(Collected material)

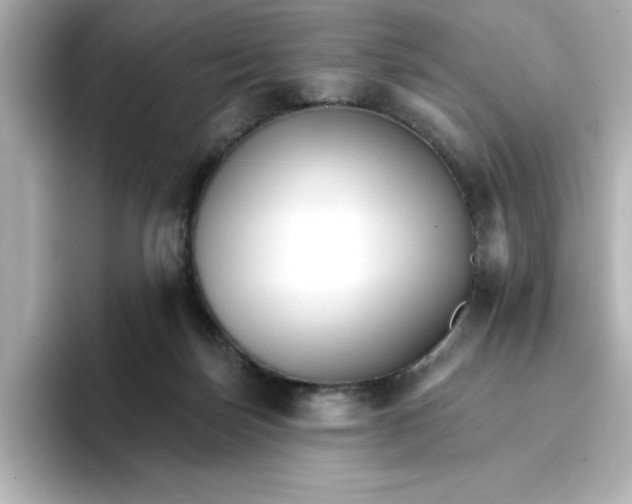 X0000096660171200802261351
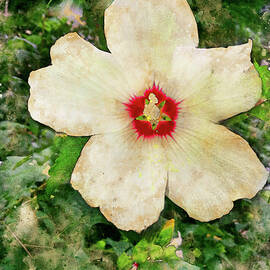 White common hibiscus flower - digital painting with vintage look by Nicko Prints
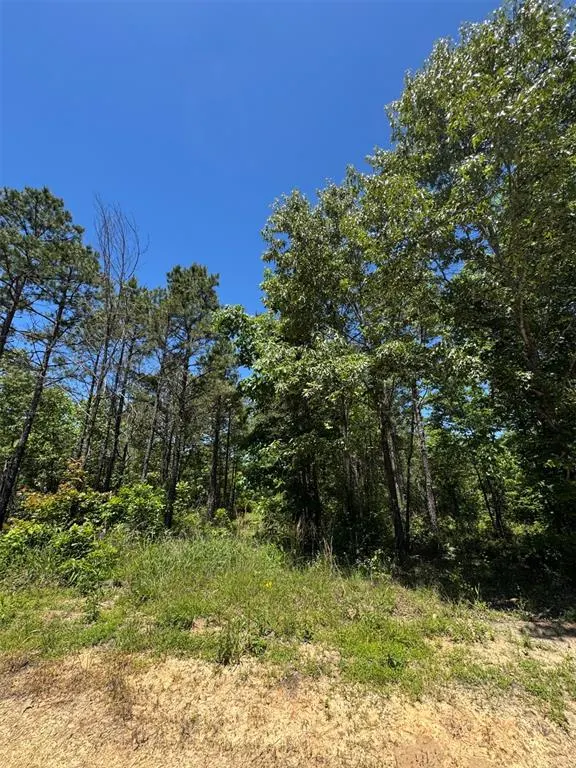 Photo 6 — 49 Hillside Way, Watson, OK 74957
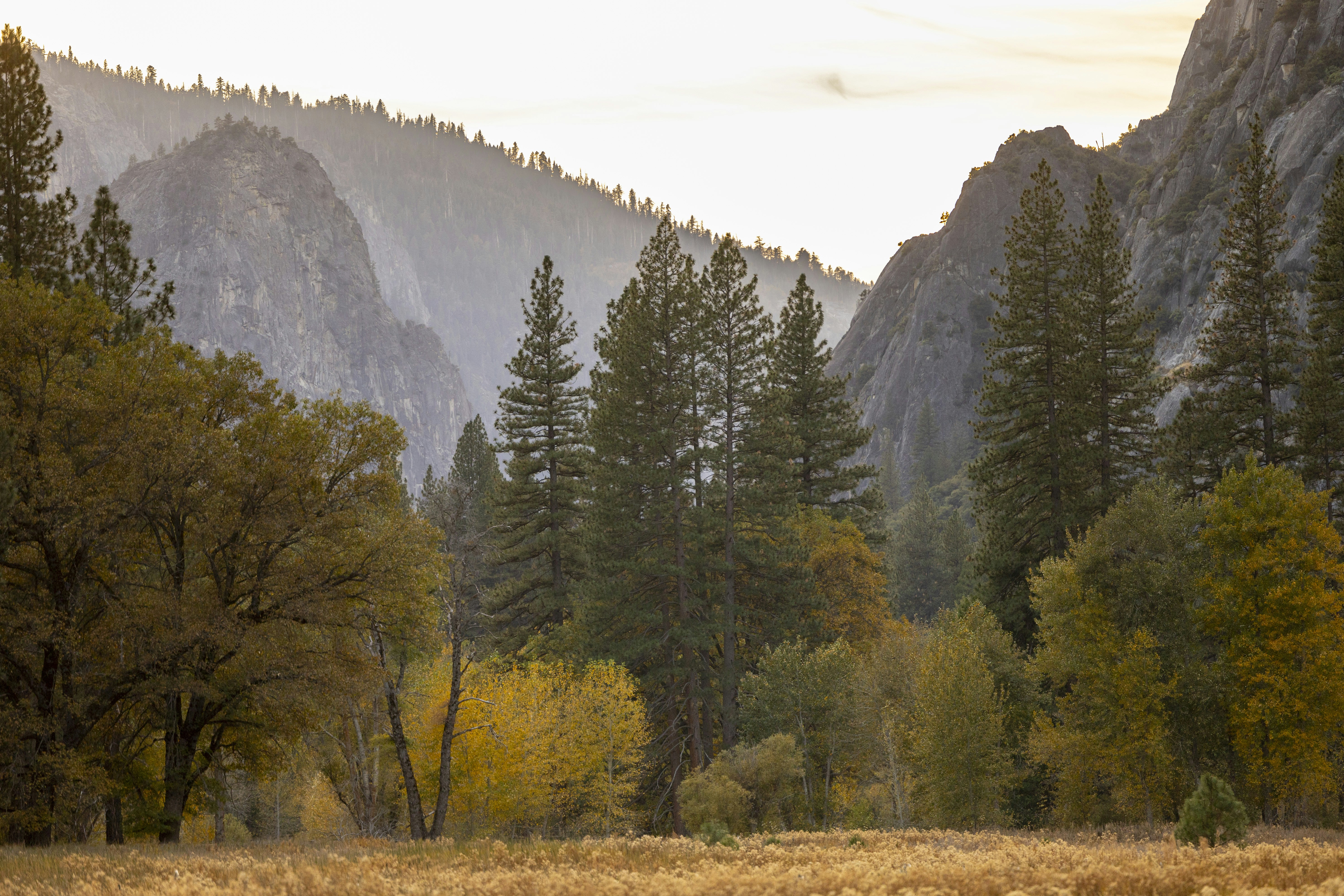 Photo by leo_visions_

(End Collected material)

* _The task_:
Pictures are not part of the copy. Please reproduce the material word for word.

* _Exercise result_:
 X0000096660171200802261351
 White common hibiscus flower - digital painting with vintage look by Nicko Prints
 Photo 6 — 49 Hillside Way, Watson, OK 74957
 Photo by leo_visions_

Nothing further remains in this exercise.